ITextureLayer* l1, l2, l3;
 
float4 main()
{
   // Want:  3 fetches, pipelined, with one wait, followed by some mads
   //  Get:  3 fetches, not pipelined, 3 waits, muls and adds as seperate instructions, and also some jumping
   return l1->Sample(uv) + l2->Sample(uv) + l3->Sample(uv);
}

I see great potential for death by 1024 cuts. Modularity, without link time optimization or jit, is at odds with efficient code. We can mitigate this risk with very disciplined code organization, the same way we do with C++, but it’s easy to get sloppy here, particularly if you want to allow artists and game designers to touch the shaders, or if we’re inclined to OOP all over the CPU code and decide to write the shaders in the same way.

We tolerate the slop in CPU-land because we have out of order cores to help us, and because we have soooo much code up there that we really do need to worry about how big it gets. We also just don’t care sometimes, because a large fraction of the code isn’t that critical, and we’d rather it be modular and flexible because the scales tilt that way. For the parts that are critical, we tend to want to dial back the abstraction and encapsulation.

The situation in GPU-land is different. There is no massive 90% of code whose performance doesn’t matter. We’re trying to do gigaflops worth of work on a 16ms budget, so it all matters, and I think we might be taking for granted just how much the inline everything model has been protecting us from ourselves.

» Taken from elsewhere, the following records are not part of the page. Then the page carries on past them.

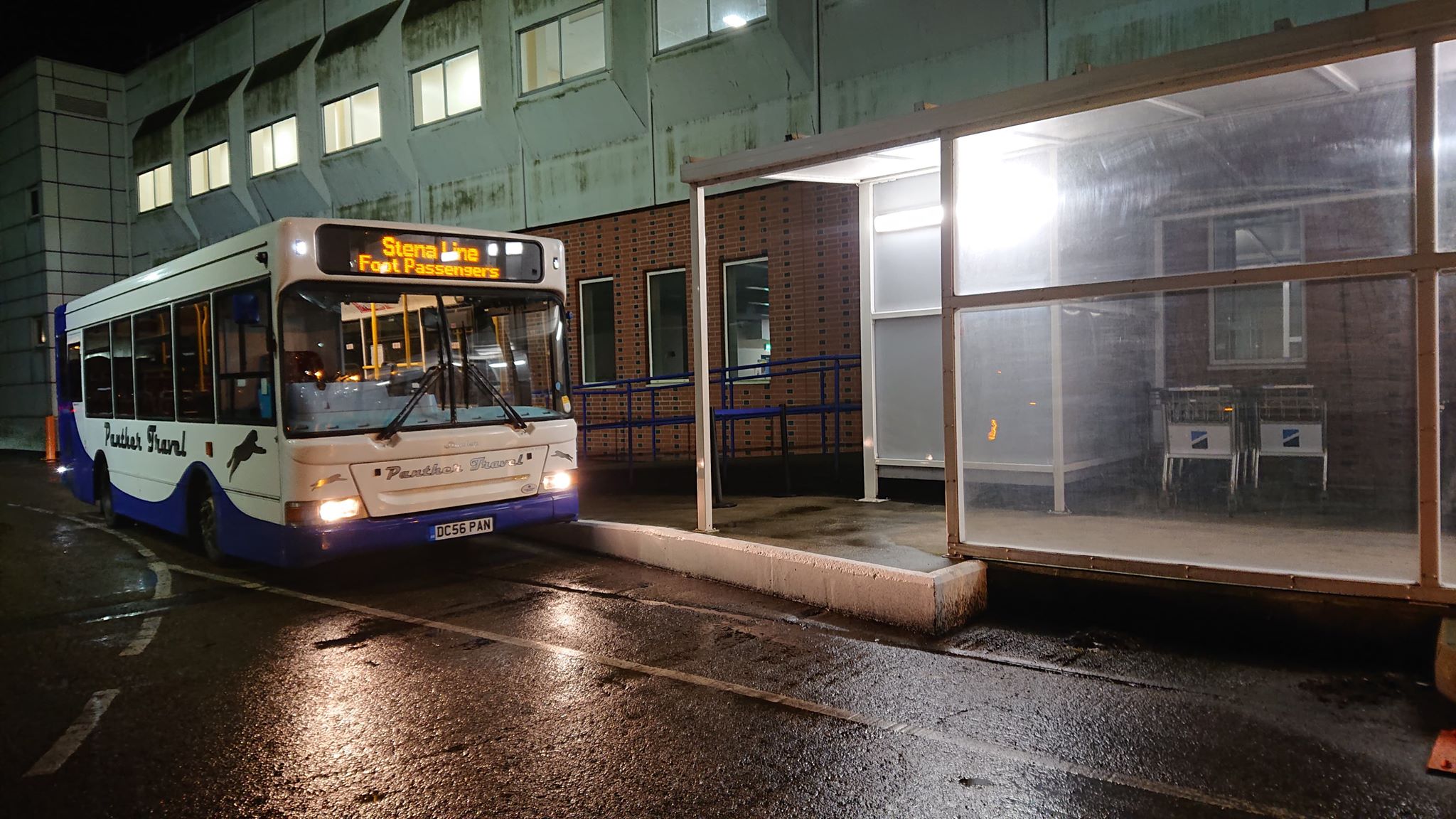 DC56PAN PANTHER STENA SHUTTLE (HIP) 26-11-19 (A HAZELL)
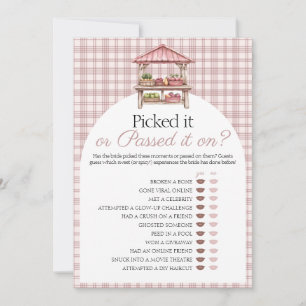 Carte de jeu Mariage de pays choisie ou passée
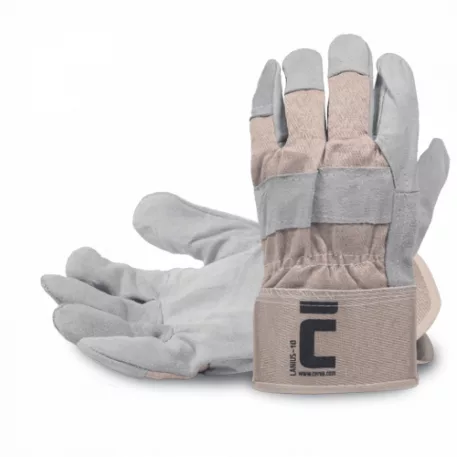 Lanius Fh Kombinált Kesztyű Fehér/Szürke 10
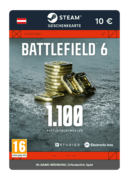 1100 Battlefield Coins (Steam-Geschenkkarte) - AT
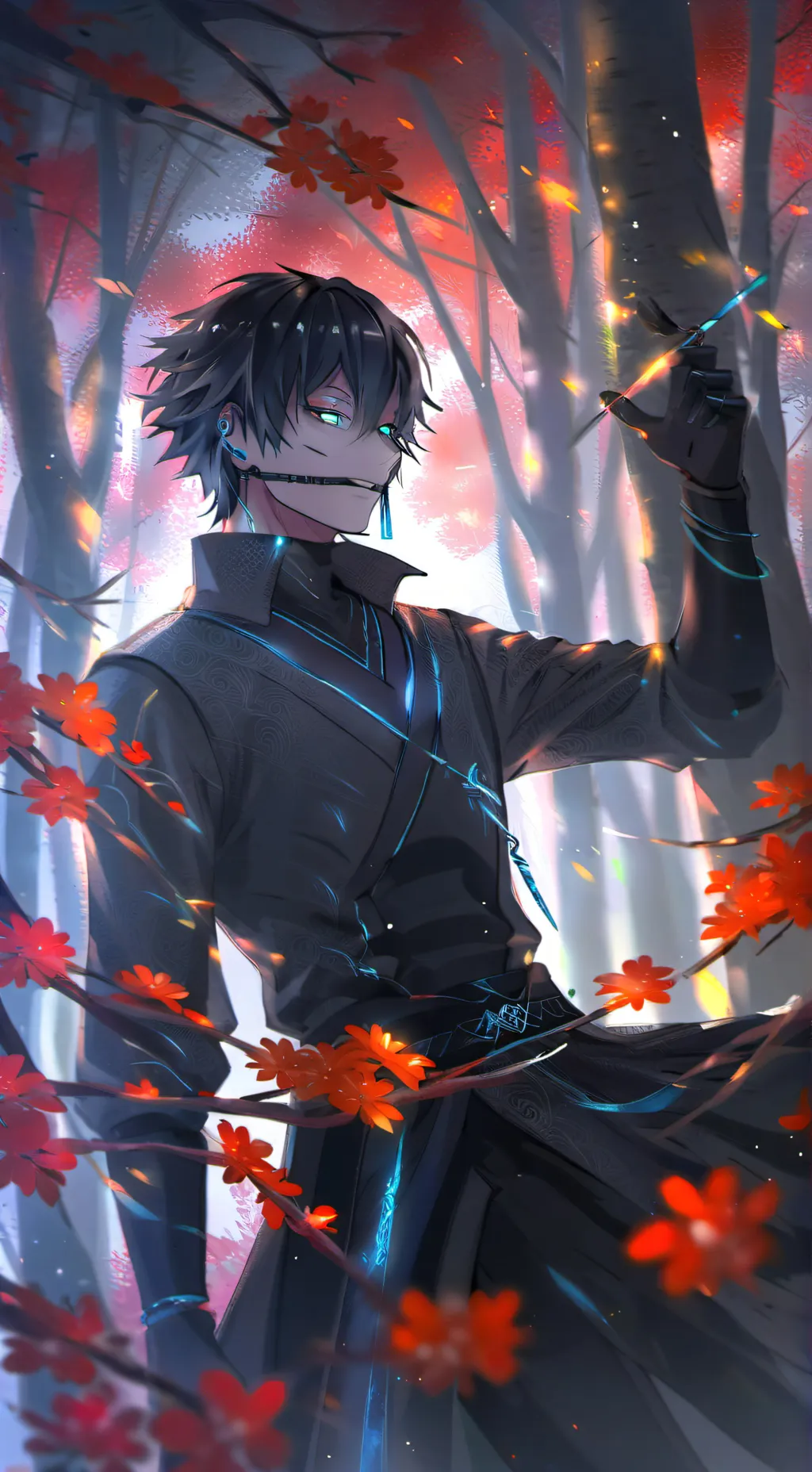 ai character: dabi background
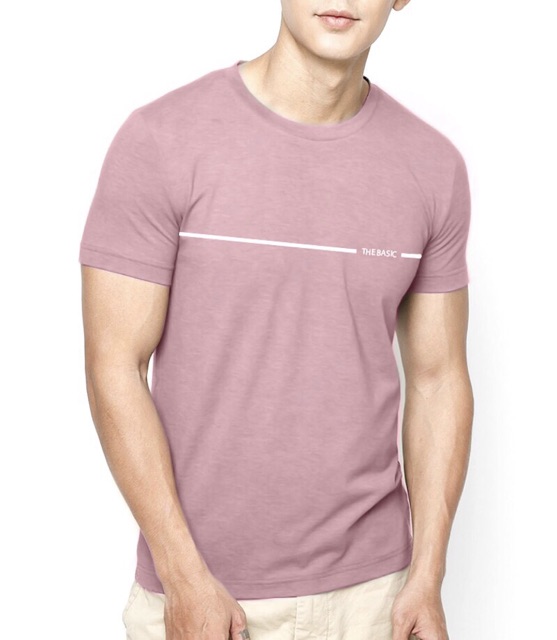 ÁO THUN NAM CỔ TRÒN 100% cotton, mịn mát AN131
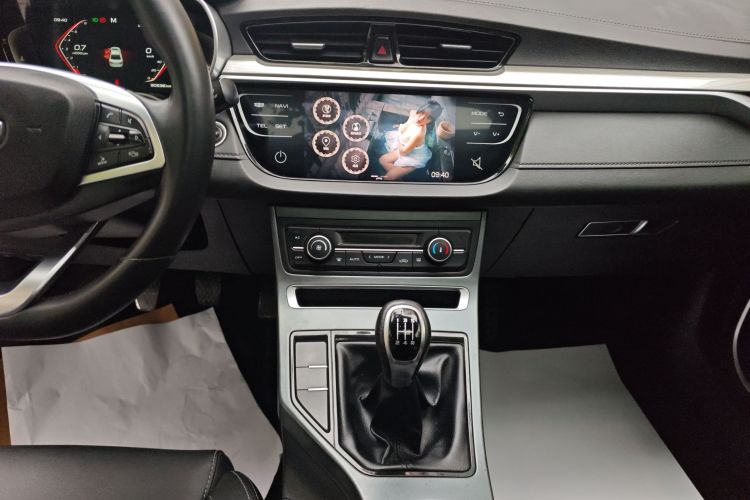 吉利汽车 帝豪 2020款 1.5L 手动向上版局部细节16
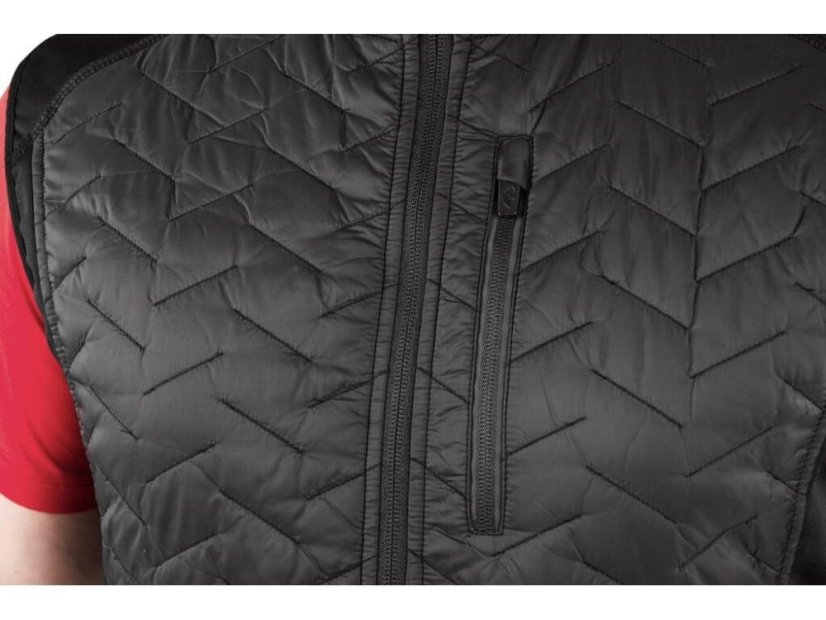 Vesta CXS LEONIS II, pánská, černá s HV modro/červenými doplňky, vel. M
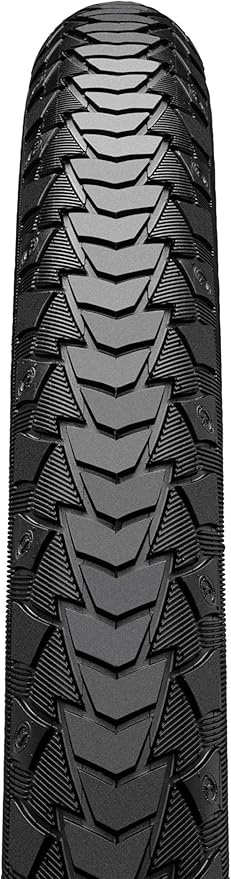 Continental Contact Plus ETRTO (47-622) 700 x 47 Reflex Bike Tires, Black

I think the right near-term strategy is for the languages is assume fully inlined kernels and have the languages and APIs embrace it. We can have the appearance of separate compilation at the source level, but keep linking and JIT at the API and hardware. We should also do everything we can to push a more generalized, reconfigurable graphics pipeline, because, while we may not be ready for full cilk, we’re getting increasingly closer.